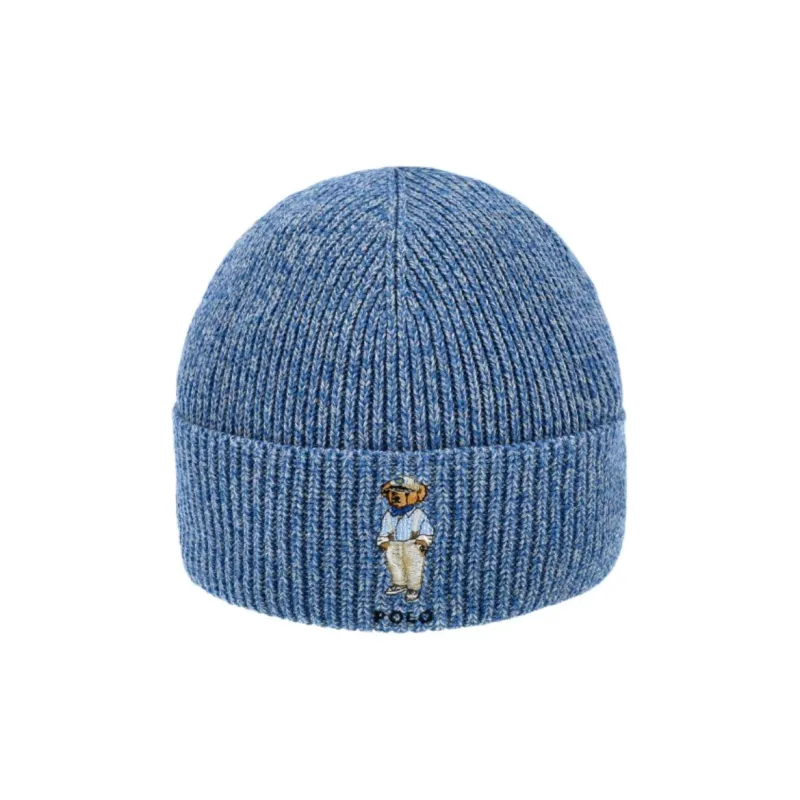 Polo Ralph Lauren Wool Cotton Recycled Nylon Merino Wool Beanies Men's Blue-3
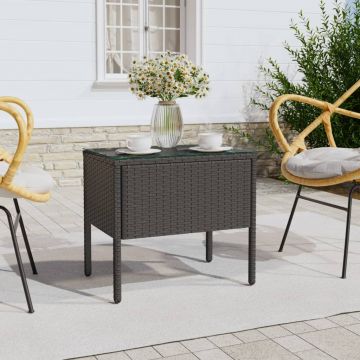 Gossi masa laterala negru 53x37x48 cm poliratan sticla securizata
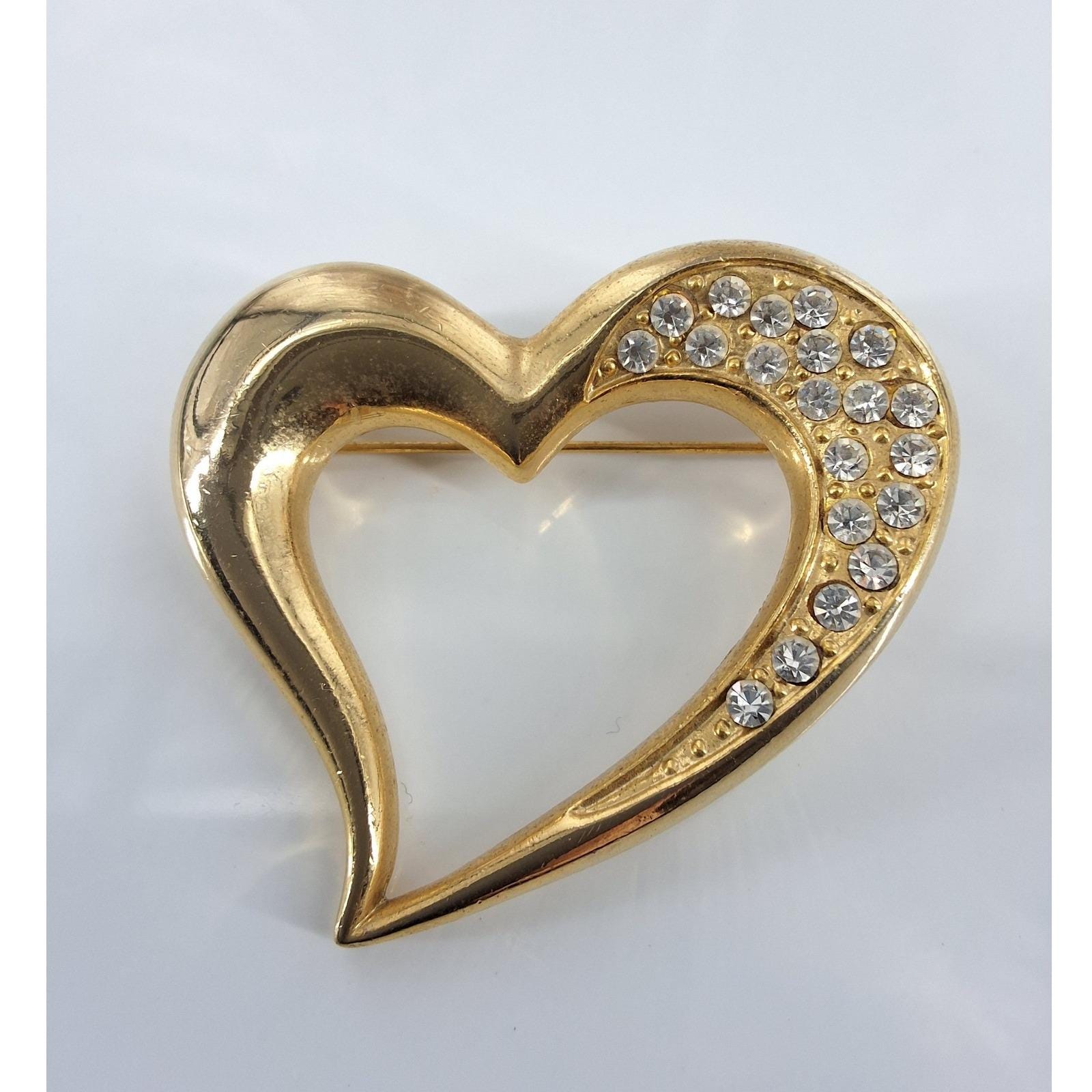 Vintage Gold Tone Pavé Rhinestone Open Heart Brooch Pin 1990s Romantic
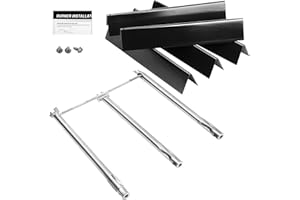 Barbqtime 7636 Flavorizer Bars and 69787 Grill Burner for Weber Spirit and Spirit II 300 Series with Front Control, Grill Replacement Parts for Weber Spirit E-310, S-310, E-320, S-320, E-330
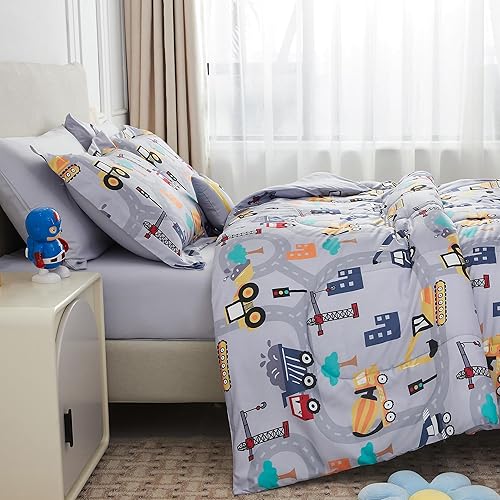 Miniatura 4 de Mooreeke Juego de edredón matrimonial para niños de 8 piezas de color gris excavadora para adolescentes, ropa de cama de microfibra suave para niños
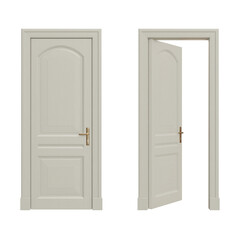 Classic white wooden door closed and open isolated on transparent background. 3D rendering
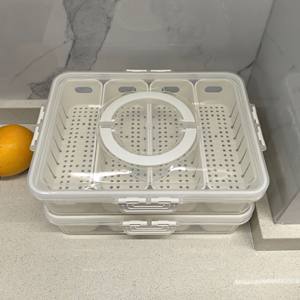 キッチンプラスチック2/4コンパートメント分割サービングトレイボックスポータブルスナックフルーツ食品保存容器排水ボックス付き - Product Image 3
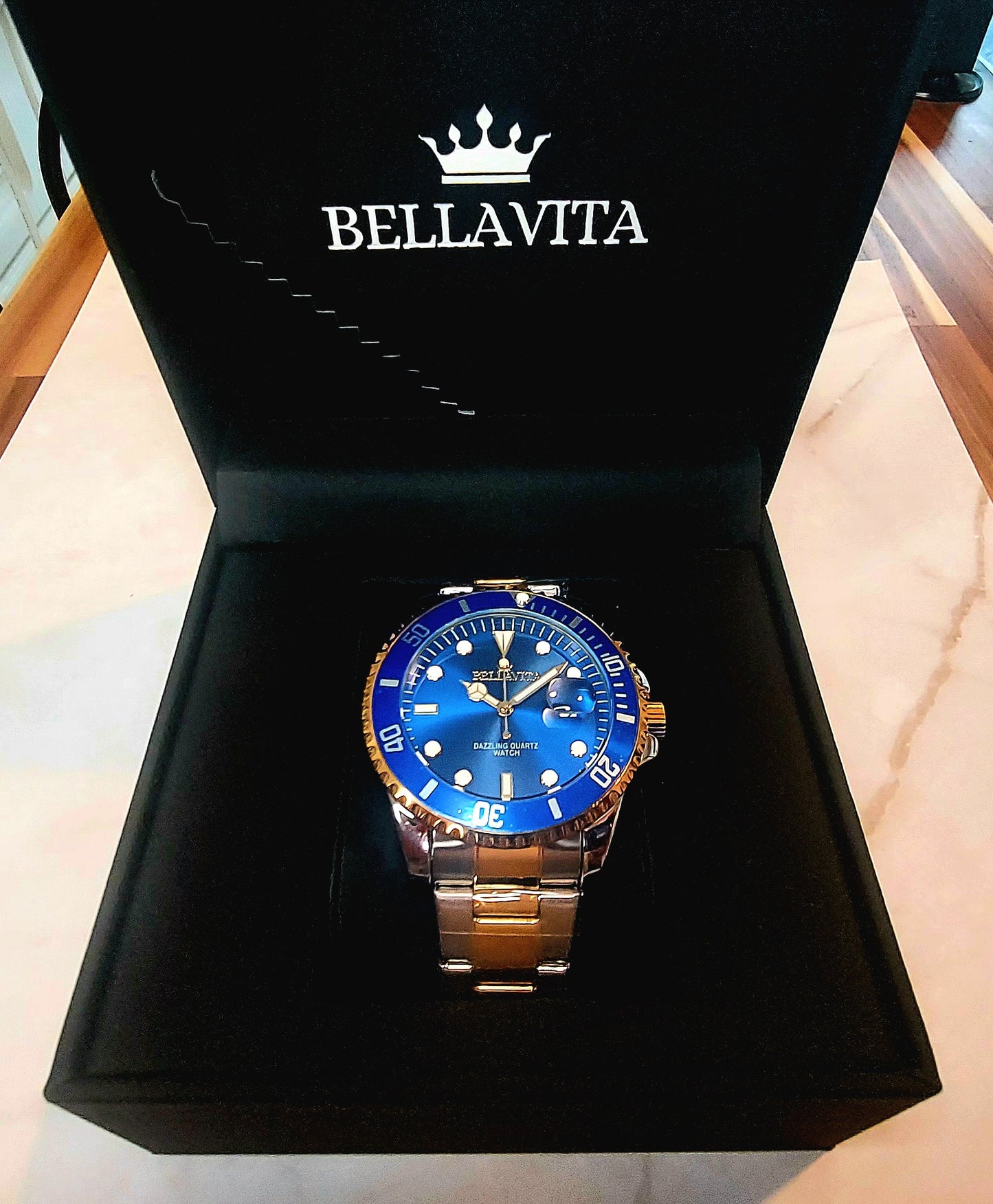 Bellavita Sport Watch -- Two-Tone Blue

• Exercise goal:
Could you transcribe the material above exactly, keeping every picture out?

• Response below:
 Polo Ralph Lauren Wool Cotton Recycled Nylon Merino Wool Beanies Men's Blue-3
 Gossi masa laterala negru 53x37x48 cm poliratan sticla securizata
 Vintage Gold Tone Pavé Rhinestone Open Heart Brooch Pin 1990s Romantic
 Barbqtime 7636 Flavorizer Bars and 69787 Grill Burner for Weber Spirit and Spirit II 300 Series with Front Control, Grill Replacement Parts for Weber Spirit E-310, S-310, E-320, S-320, E-330
 Miniatura 4 de Mooreeke Juego de edredón matrimonial para niños de 8 piezas de color gris excavadora para adolescentes, ropa de cama de microfibra suave para niños
 Classic white wooden door closed and open isolated on transparent background. 3D rendering
 キッチンプラスチック2/4コンパートメント分割サービングトレイボックスポータブルスナックフルーツ食品保存容器排水ボックス付き - Product Image 3
 Bellavita Sport Watch -- Two-Tone Blue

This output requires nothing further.